Communications/Media Volunteers

  • Help other volunteers with evaluations and sending out photos and letters to elected officials
  • Aid the MWW organizer in their watershed in writing effective, targeted articles


Stream Keeper

  • Responsible for aiding other volunteers within their “jurisdiction” in most aspects of MWW
  • Mentor volunteers who come into the project late by filling them in on information and answering questions
  • Work with web maintenance/data managers in uploading photos and Site Report Cards
  • Help flier distributors target areas
  • Work with pilots and photographers in facilitating air time that works with both volunteers’ schedules
  • Patrol construction sites and take photos
  • Build relationships with inspectors in their area so they can be the spokesperson for their group of volunteers
  • Patrol creeks and streams in their region looking for impaired waters and tracking the source of pollution
  • Work with project organizers in their watershed to help recruit and train volunteers

Sediment entering stormwater degrades the quality of water for drinking, wildlife and the land surrounding streams in the following ways:

  • Sediment fills up storm drains and catch basins to carry water away from roads and homes, which increases the potential for flooding.
  • Water polluted with sediment becomes cloudy, preventing animals from seeing food.
  • Murky water prevents natural vegetation from growing in water.
  • Sediment in stream beds disrupts the natural food chain by destroying the habitat where the smallest stream organisms live and causing massive declines in fish populations.
  • Sediment increases the cost of treating drinking water and can result in odor and taste problems.
  • Sediment can clog fish gills, reducing resistence to disease, lowering growth rates, and affecting fish egg and larvae development.
  • Nutrients transported by sediment can activate blue-green algae that release toxins and can make swimmers sick.
  • Sediment deposits in rivers can alter the flow of water and reduce water depth, which makes navigation and recreational use more difficult

Source: Environmental Protection Agency

In January 2005, the Upper Chattahoochee Riverkeeper (UCR) in Atlanta, Georgia started a project called Get the Dirt Out (GTDO) to study the effectiveness of Georgia's erosion control program.  UCR, along with partner GTDO groups, provided training workshops and educational materials designed for citizens, developers, and local governments on the Georgia Construction General Permit.  A successful two year project, GTDO held 30 workshops, trained over 500 state-wide participants, and visited more than 100 construction sites documenting compliance and logging complaints. 
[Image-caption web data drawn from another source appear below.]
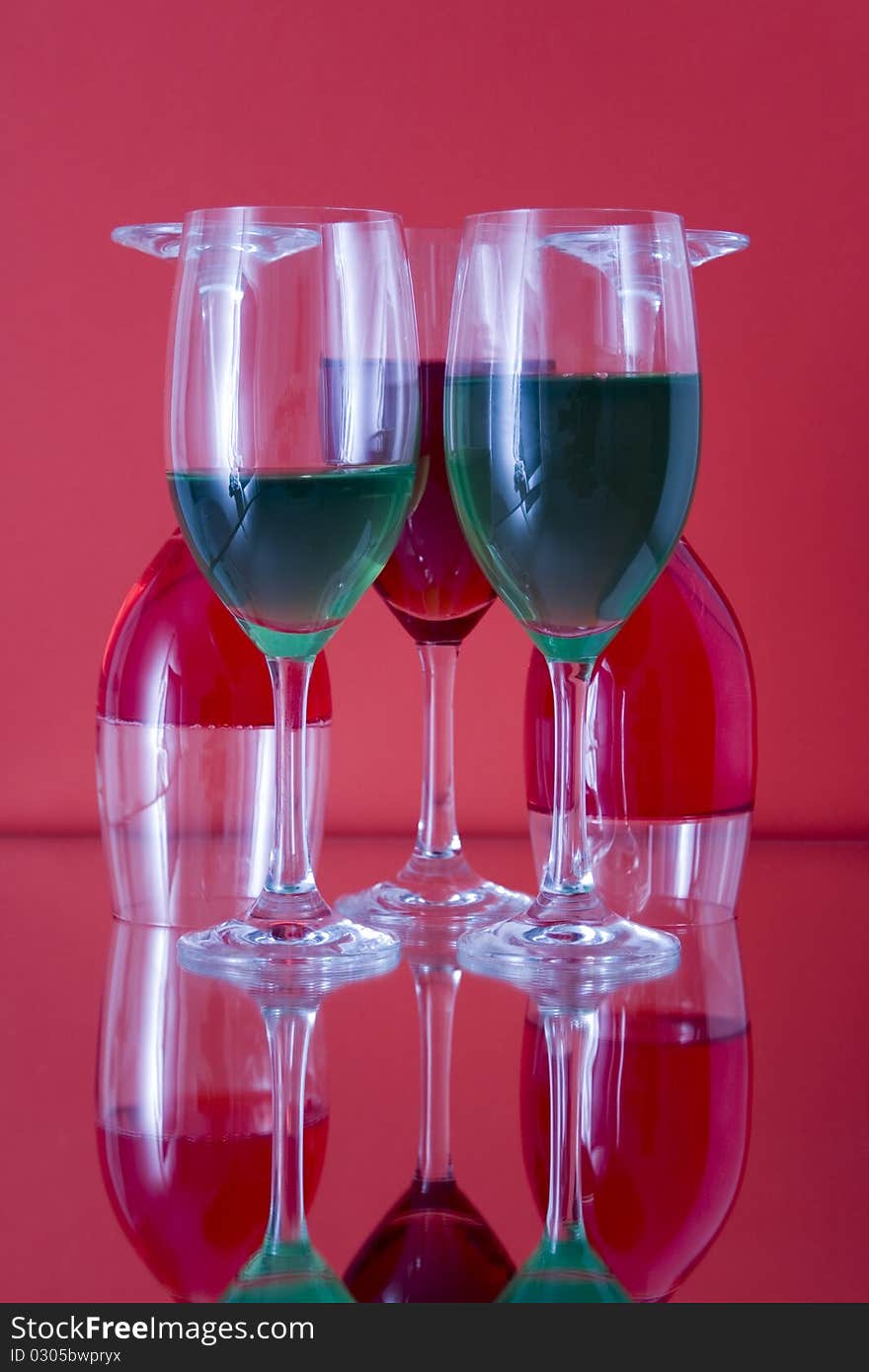 Colored glasses arranged on a glass substrate. Mirror was used as background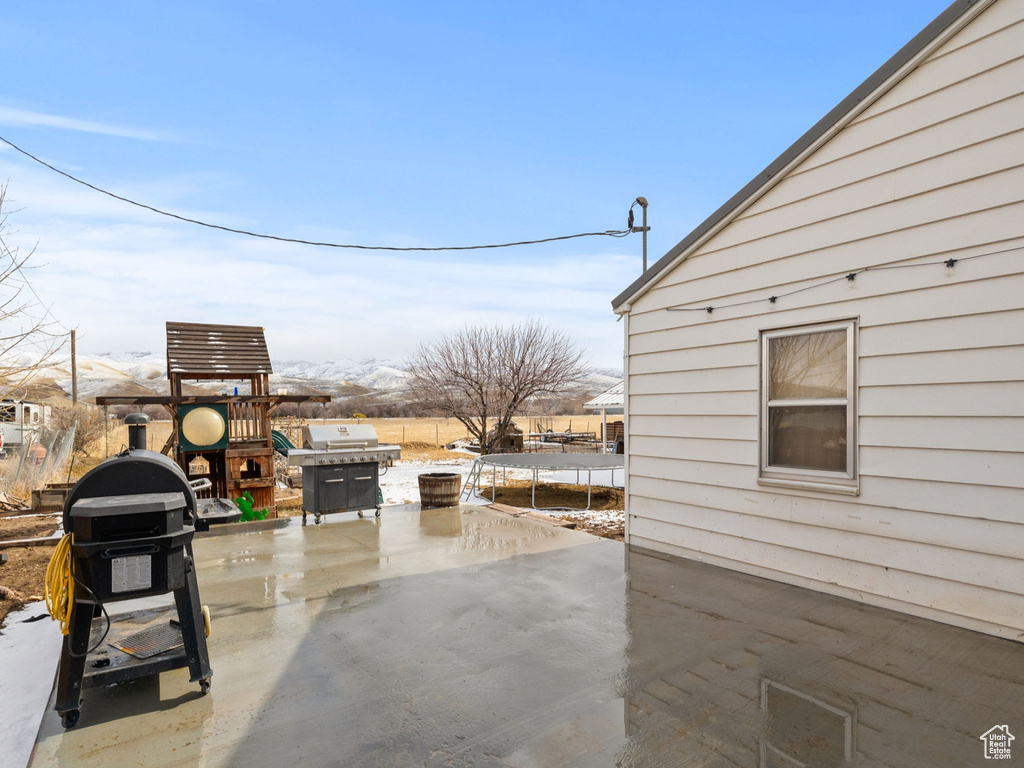 View of patio with fence, a trampoline, area for grilling, and a playground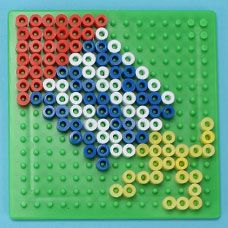 an image of a lego bird made out of beads on a green board with red, white and blue circles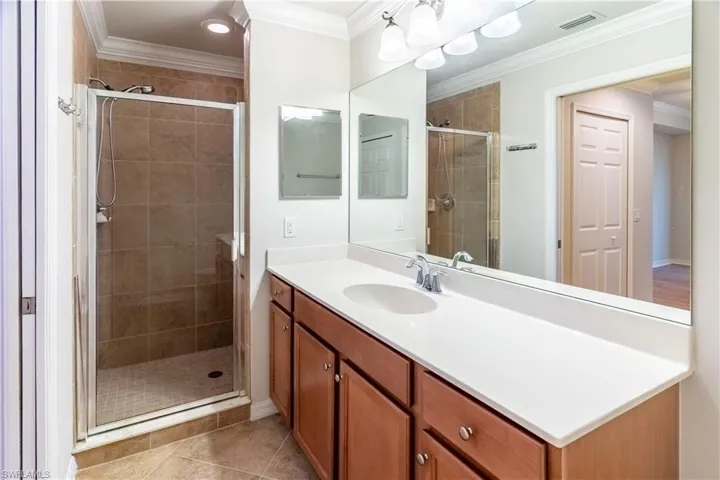 Bathroom featuring crown molding, a shower stall, vanity, and light tile patterned floors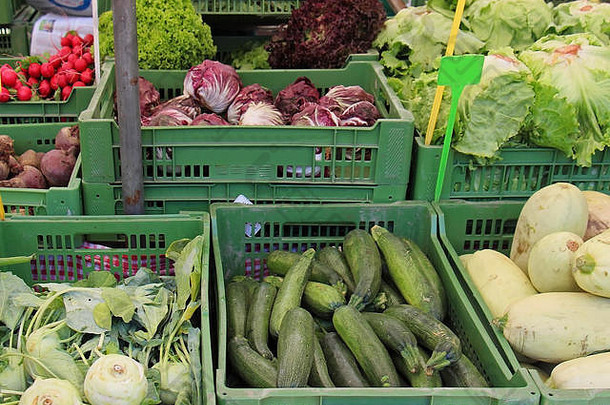新鲜的有机蔬菜桩内部绿色塑料板条箱出售市场摊位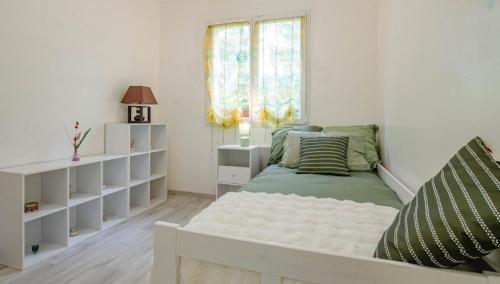a small bedroom with a bed and a window at La caillotine in Rosières-près-Troyes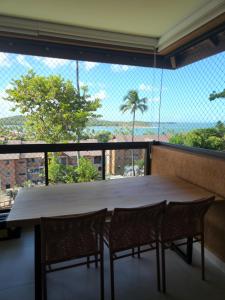 tavolo e sedie in una stanza con una grande finestra di Eco Resort Praia dos Carneiros - Flat Novo - Ao Lado da Igrejinha a Praia dos Carneiros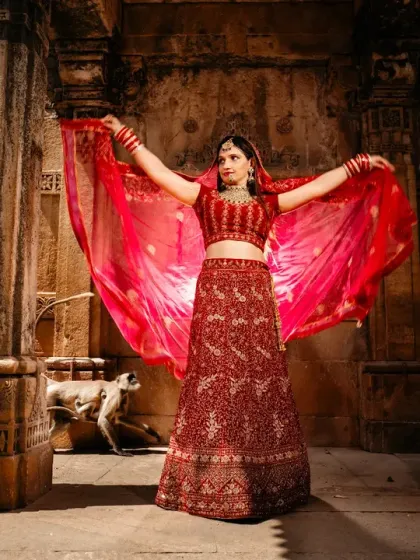 A portrait of the bride in a stunning red lehenga, framed by the pillars of a stepwell. The light catches her flowing dupatta, creating a beautiful, regal image.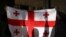 Activists hold a Georgian flag at a rally outside a parliament building during a plenary session of parliament on the controversial "foreign agents" bill, that sparked mass protests in recent days, in Tbilisi, Georgia, March 10, 2023.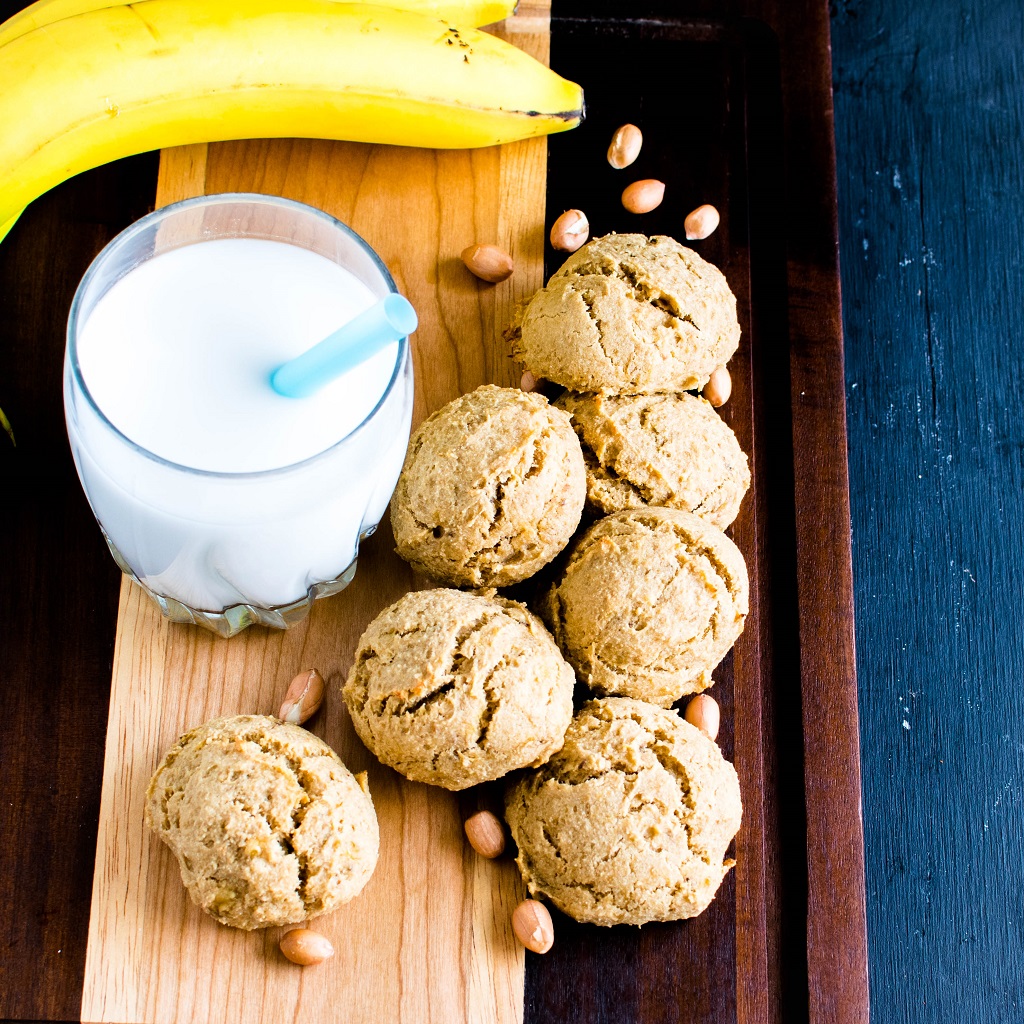 A wooden board stacked with Peanut Butter Banana Amarnth Cokies along with a glass of milk is shown in this image | kiipfit.com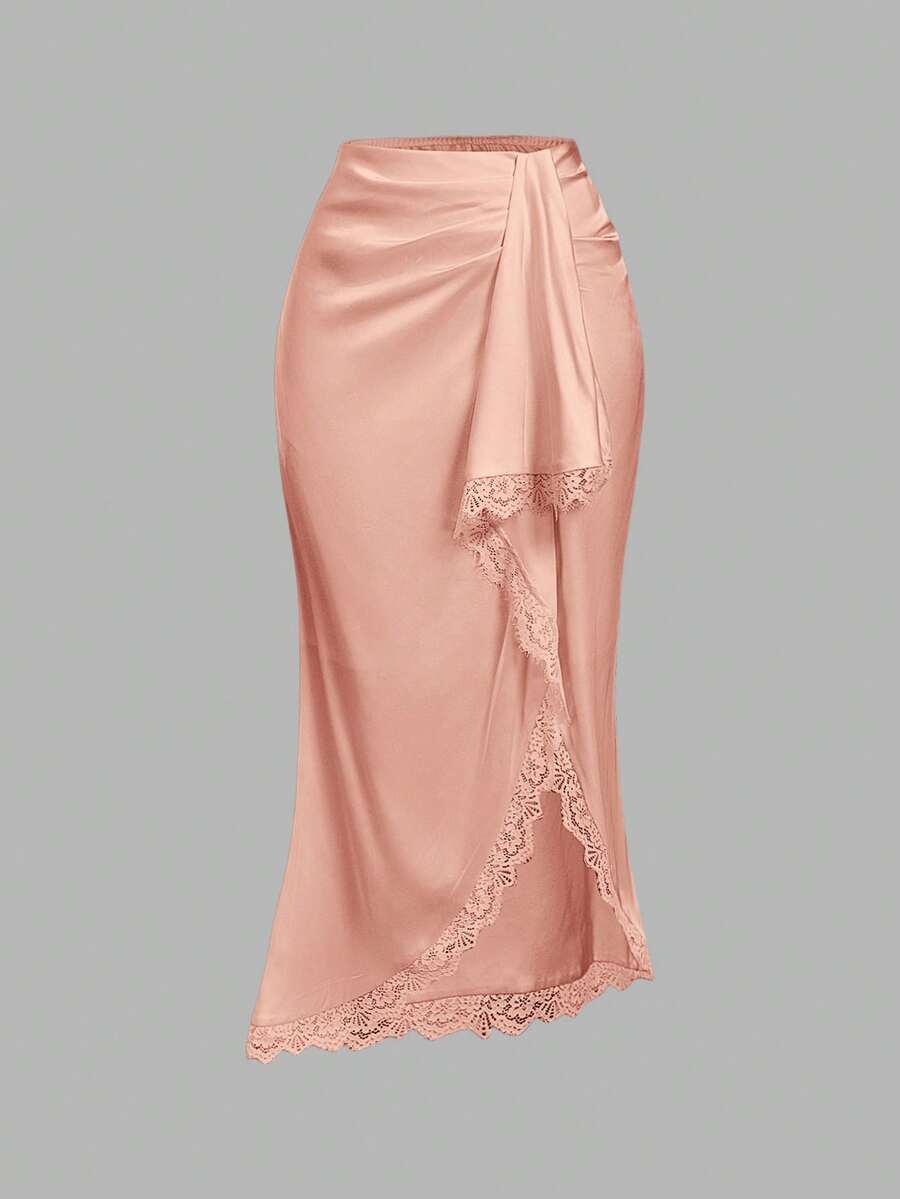 Women's elegant pink satin asymmetrical long skirt featuring contrast lace patchwork, ruched knot detailing, and a mid-waist mermaid cut.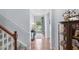 Entryway with hardwood floors and stairs leading upstairs at 1433 Beaumont Way, Myrtle Beach, SC 29577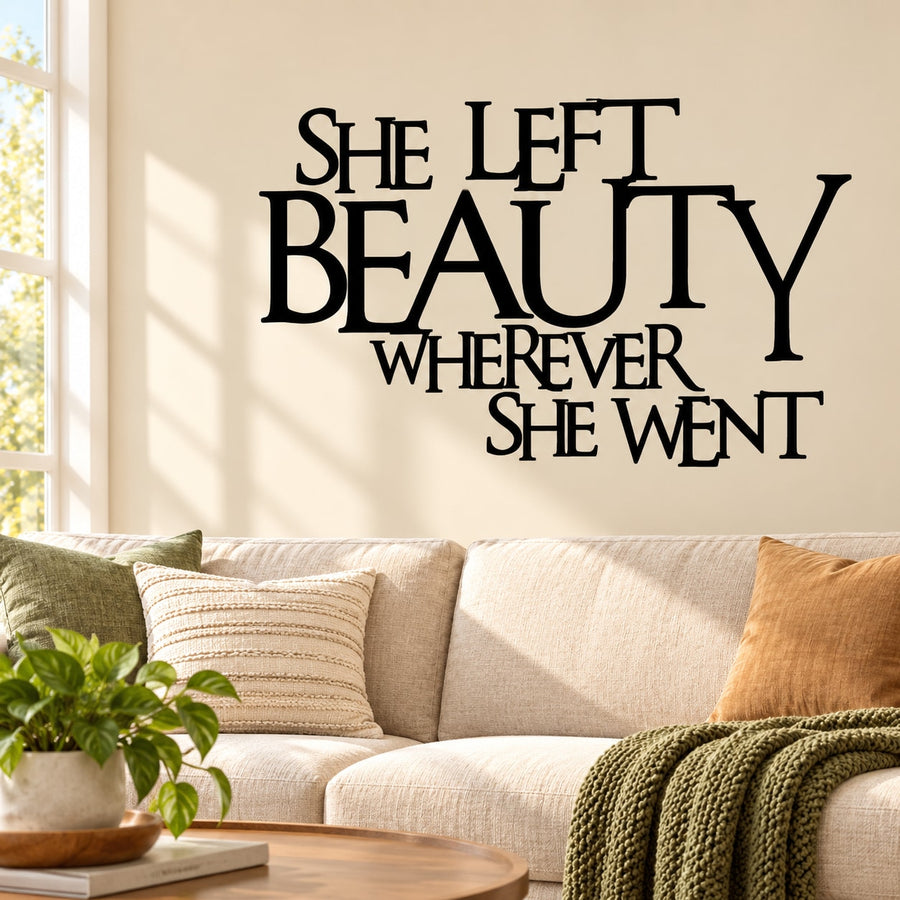 Inspirational wall decal with bold black text: She left beauty wherever she went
Dean Naujoks, then the Upper Neuse Riverkeeper and currently Yadkin Riverkeeper, attended one of the workshops and realized how a project like GTDO would be extremely beneficial in North Carolina.  Thus, MWW came to be, borrowing the main ideas from GTDO and altering them to be in compliance with North Carolina laws and regulations. 

Now Muddy Water Watch is expanding to protect more and more waters around the country.